Tabloid journalism has not always been so salacious or controversial. The British press changed, for good and for ever, around 1968 with Rupert Murdoch’s purchase of the News of the World and, one year later, The Sun. The rest, as they say, is pretty much history. The more these red-tops and others like it became more sensational, scandalous, gossip-driven, an increased desire to read more stories like it grew amongst the general public. “Freedom of speech,” came back the reply whenever shocking content blared out from the newsagents shelves – photos of Princess Diana at the gym? Right to know. Readers like this sort of thing. We want to know. And, deep down, we all probably did.
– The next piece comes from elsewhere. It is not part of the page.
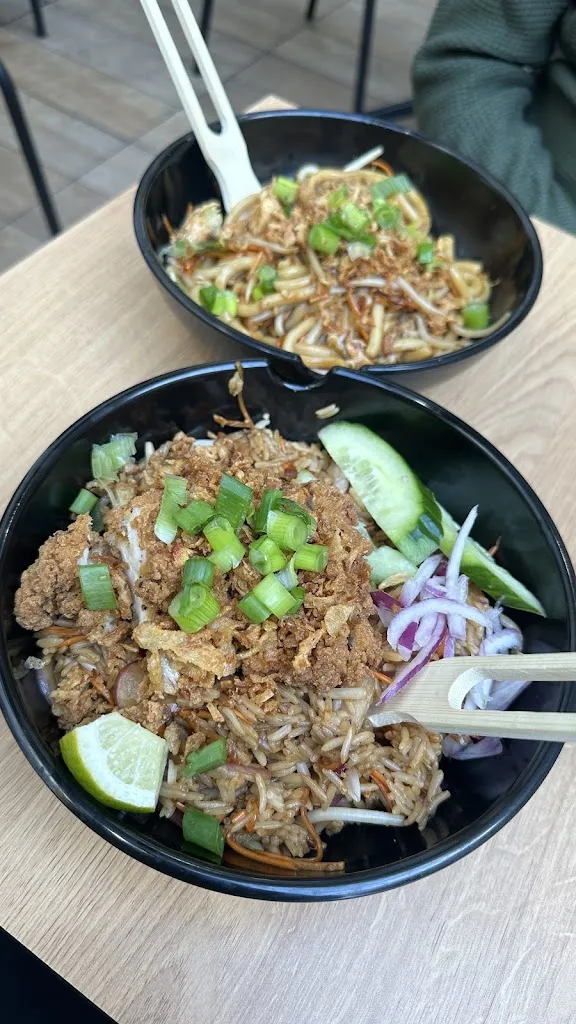 Arzu Avci_Pitaya Thaï Street Food_Coquelles_review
After all, said the blokes down the Cricketers Arms, the tabloids are decent enough for the footie and some tits on Page 3, tomorrow’s chip-paper doesn’t have any lasting harm on those in the public eye. “Right to know!” cry us all when politicians are hauled up for their shortcomings, or one television celebrity is found cheating on another. One industry fuels another, and at massive profits for all sides, the chase for more and more headlines for increasing readers and advertising money is an insatiable rush. Drugs provide lesser hits than the journalists need for one more story above his colleagues and rivals.
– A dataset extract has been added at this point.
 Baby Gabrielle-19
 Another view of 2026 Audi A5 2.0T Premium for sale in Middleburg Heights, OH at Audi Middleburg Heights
Last night, the Guardian reported that News of the World journalists hacked into – and deleted messages from – the mobile phone of missing girl Milly Dowler . Condemnation has been, by and large, across the spectrum. To hack into the mobile phones of politicians, singers, footballers – that was something, one level of questionable behaviour, morally dubious, stupid behaviour for which resignations must follow. We all tutted and shook our heads.
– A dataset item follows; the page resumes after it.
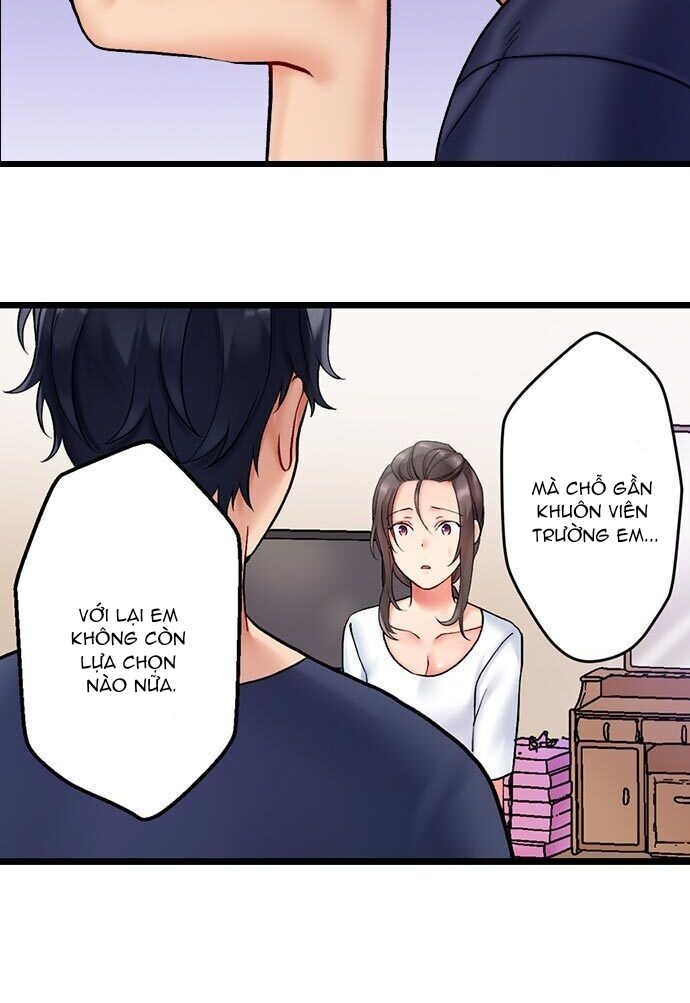 Đọc truyện hentai Không Thể Kiềm Chế - Chap 1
This new revelation goes beyond “morally dubious”. If as true as reported, the acts of those involved are nigh-on depraved (and potentially perverting the course of justice). Milly Dowler’s parents took the removal of voicemail messages as a sign, however small, that their daughter was still alive. It is beyond all reasonable considerations for most sane, rounded individuals that anybody could consider the deleting of messages to be justified in the search of a story.

We are, let us admit and concede, all hungry for scandal, shock, something new in the ongoing storylines of life. When I blogged about the celebrity injunctions earlier this year, search terms “injunction footballer” and “footballer named on Have I Got News For You” landed people here in the desperate search for the identity of the man involved. Despite the outrage over paparazzi behaviour, the death of Diana, hounding of her children, sales for Royal Wedding special editions soared. The “public interest” excuse feeds the tabloids, and the tabloids feed us.

The Milly Dowler revelations reach far beyond anything connected with a journo’s desire for an exclusive. This may be the product of the twisted relationship between public and press, but that cannot be used as even fleeting justification. Plain wrong, from top to bottom, now would be a very good time for somebody with Government (Mssrs Hunt, Cameron, Cable, we look to you) to ensure News International are blocked from gaining any more ground on the UK’s media market. This episode was bleak enough; the stench of distaste should not permeate any further.